- **Assigned task**
From the line containing "全7種セット 「さらざんまい アクリルキーホルダー" to the final line of the material below, return every line exactly. Do not include pictures.

- **Data block**
################

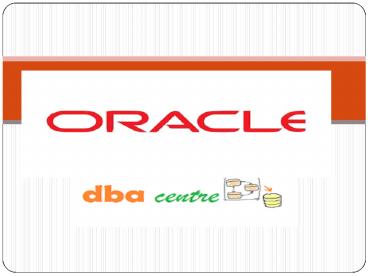 Oracle  DBA Training in Hyderabad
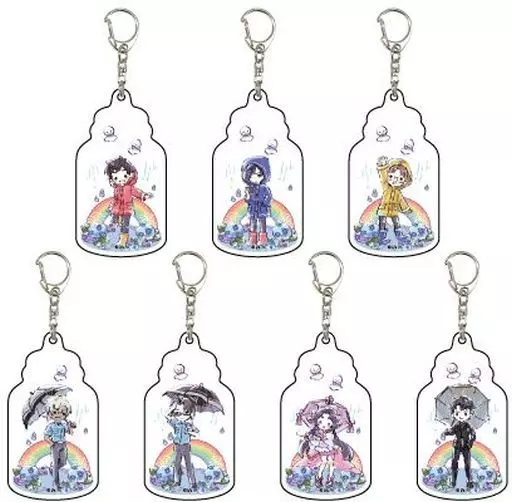 全7種セット 「さらざんまい アクリルキーホルダー 03.梅雨ver. グラフアートデザイン」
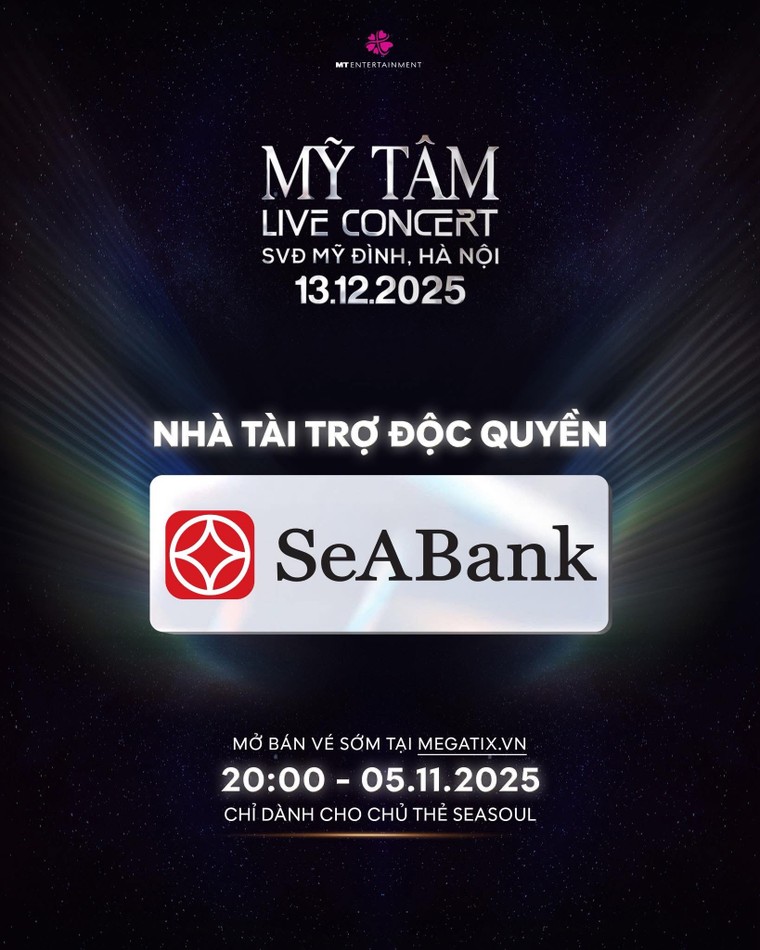 SeABank mang cơ hội săn vé miễn phí cho khách hàng trải nghiệm Mỹ Tâm Live Concert 2025 ảnh 2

################

- **Reply**
 全7種セット 「さらざんまい アクリルキーホルダー 03.梅雨ver. グラフアートデザイン」
 SeABank mang cơ hội săn vé miễn phí cho khách hàng trải nghiệm Mỹ Tâm Live Concert 2025 ảnh 2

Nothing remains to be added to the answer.